# Pork ribs not coming up to 190-200 internal temp?



## John Goostree (Mar 3, 2019)

I've cooked several pork ribs on my Masterbuilt electric smoker. I have been doing the ribs at 230 degrees for about 4 hours and 15 minutes and they have come out nicely as they looked to me. Last night I decided to check the internal temp as I have read when they are 190-200 they are done. After cooking at 225 for about 4 hours 15 minutes the ribs were about 172 and doing the lift test (Lifting in the middle) the ribs didn't really want to break apart so I figured they are not done. I put them back in the smoker for another hour at about 245 degrees and the internal temp still not coming about 175. I sliced and ate them then and while the fattest ribs were nicely cooked most of the medium to smaller ribs were a bit dry to me. They did have a really nice pull and weren't falling off the bone but they were kind of dry.

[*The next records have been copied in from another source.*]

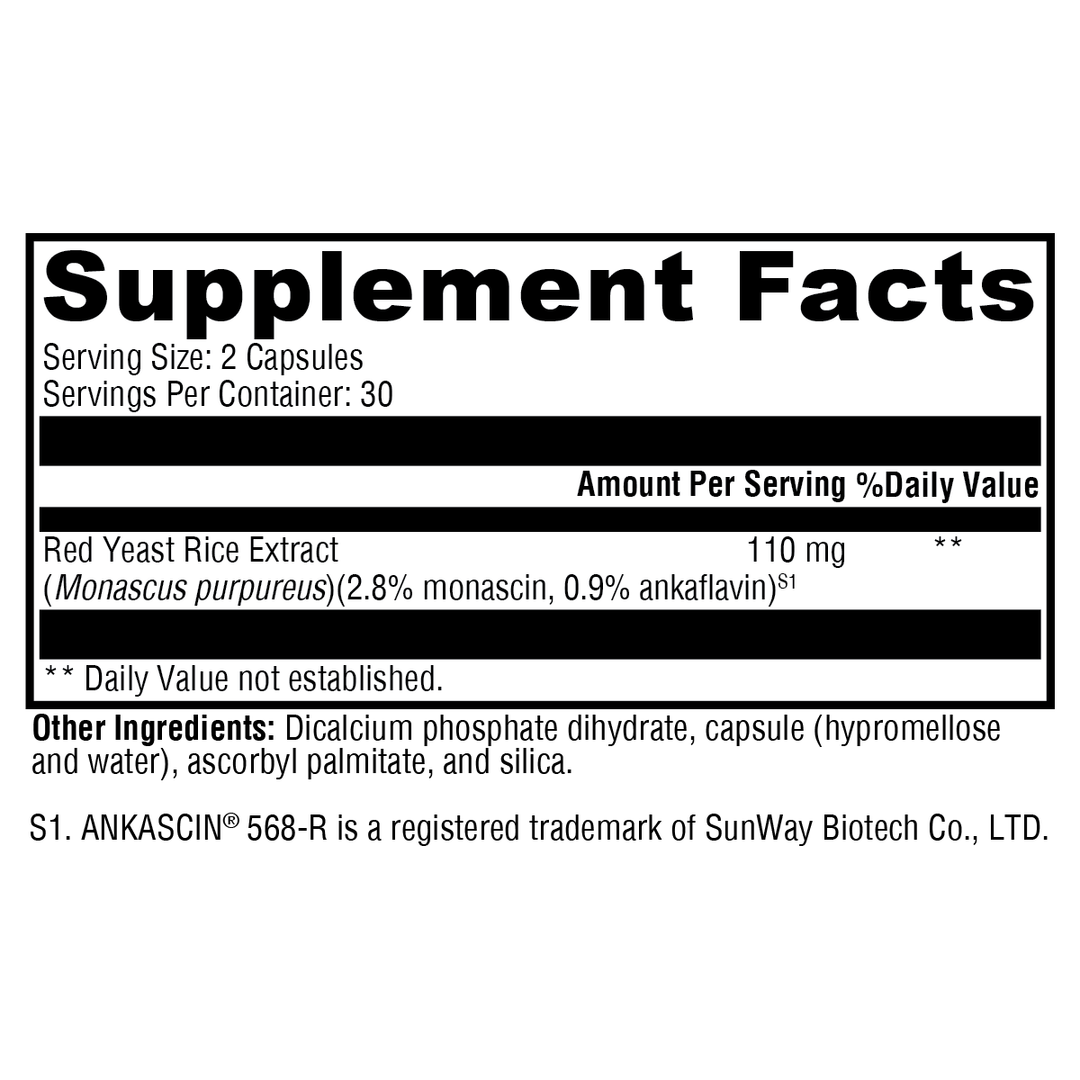 red-yeast-rice-60-capsules supplement details. For any questions contact us at contact@goldenhealthquest.com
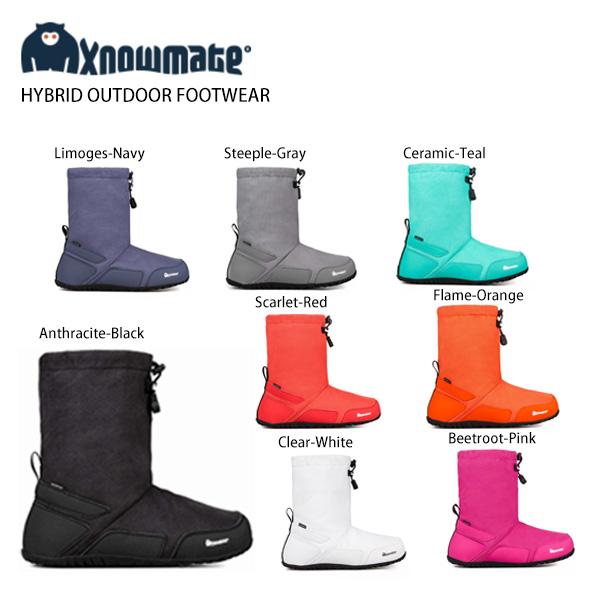 XNOWMATE〔エクスノーメイト スノーシューズ〕＜2021＞HYBRID OUTDOOR FOOTWEAR〔ハイブリッドアウトドアフットウエア〕  大人用〔SA〕 LINEショッピング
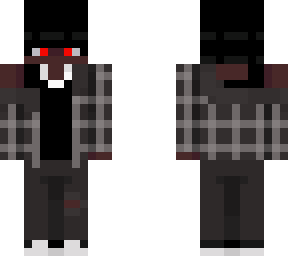 jay (oc) v.2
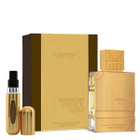 Al Haramain Unisex Amber Oud Gold Edition Extreme Pure Perfume Gift Set Fragrances 6291106813074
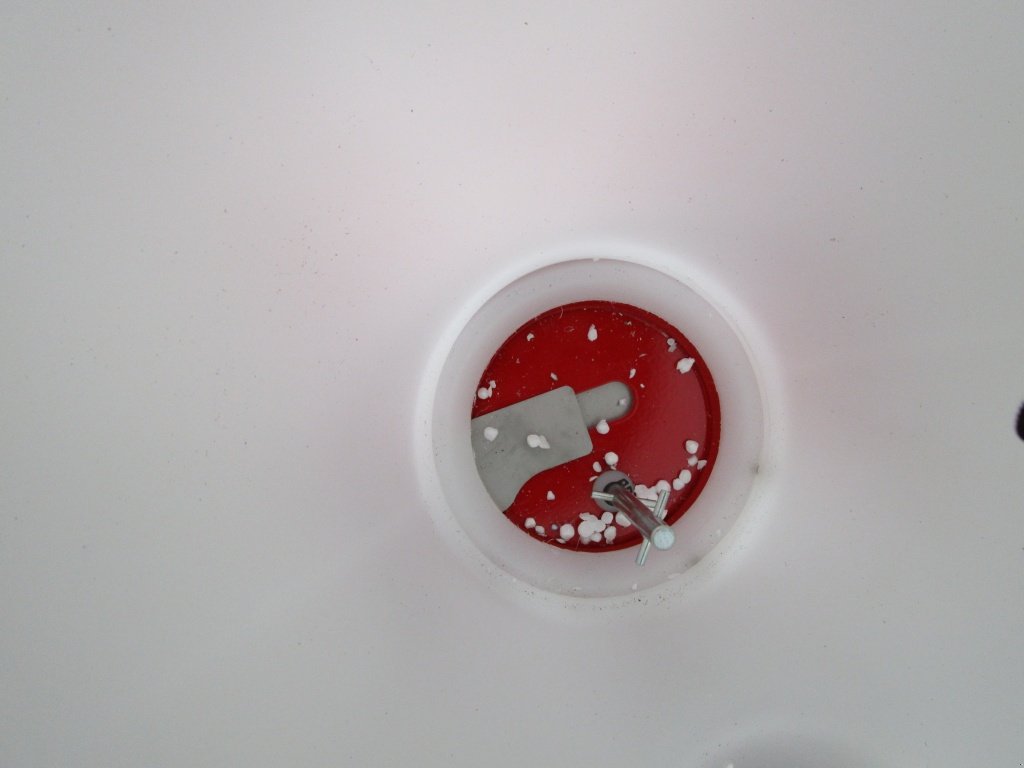 Zubehör Bestell-/Pflegemaschinen tip BAGRAMET RS 100, Neumaschine in Cham (Poză 7)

So my questions are why isn't the internal temp of the ribs coming about 175? Am I not cooking long enough? Also, why are most of the ribs on the dry side if they aren't coming up to the 190-200 that is supposed to be the finished internal temp of ribs? Should I wrap my ribs after a few hours to keep the meat from going dry but cook longer to get the internal temp up? (Wasn't just the internal temp, the ribs also weren't passing the lift test where you pick them up in the middle and it starts to break apart)


----------



## SecondHandSmoker (Mar 3, 2019)

Do you know what the actual temp is inside your smoker at grate level?


----------



## John Goostree (Mar 3, 2019)

SecondHandSmoker said:


> Do you know what the actual temp is inside your smoker at grate level?


No I am just going by the temp on the controller


----------



## gmc2003 (Mar 3, 2019)

Probing ribs can be difficult. You have to make sure that your probe isn't touching bone, to close to the bone, or poking thru the rib. A thinner probe is best. As for the bend test if they freely drop to a 45 degree angle then they are done. 

Chris


----------



## solman (Mar 3, 2019)

I can't offer any advice but i had similar issues the other day when i smoked 3 St Louis ribs. I stuck a temperature probe in all 3 for the first time so i could go by temperature instead of time. At the 3 hour mark i wrapped all 3 ribs. It took another 1 to 2 hours until each probe reached 198-200F. Unwrapping them caused the temperature to drop into the 160s to 180s. 

I wanted the internal temperatures to get back to the 190s, and it took one rib about another 2 hours to get back to 195F. the longest took another 4 hours to reach 195F, 9 hours total. 

Surprisingly the 9 hour rib didn't turn out like shoe leather, it actually came out pretty good. I think if you're going to smoke ribs by temperature, you risk a very long stall time. Wrapping it may help but then the temperature nosedives after the wrap is removed. Not sure how to get around that as every rib seems to reach temperature at different rates.


----------



## John Goostree (Mar 3, 2019)

solman said:


> I can't offer any advice but i had similar issues the other day when i smoked 3 St Louis ribs. I stuck a temperature probe in all 3 for the first time so i could go by temperature instead of time. At the 3 hour mark i wrapped all 3 ribs. It took another 1 to 2 hours until each probe reached 198-200F. Unwrapping them caused the temperature to drop into the 160s to 180s.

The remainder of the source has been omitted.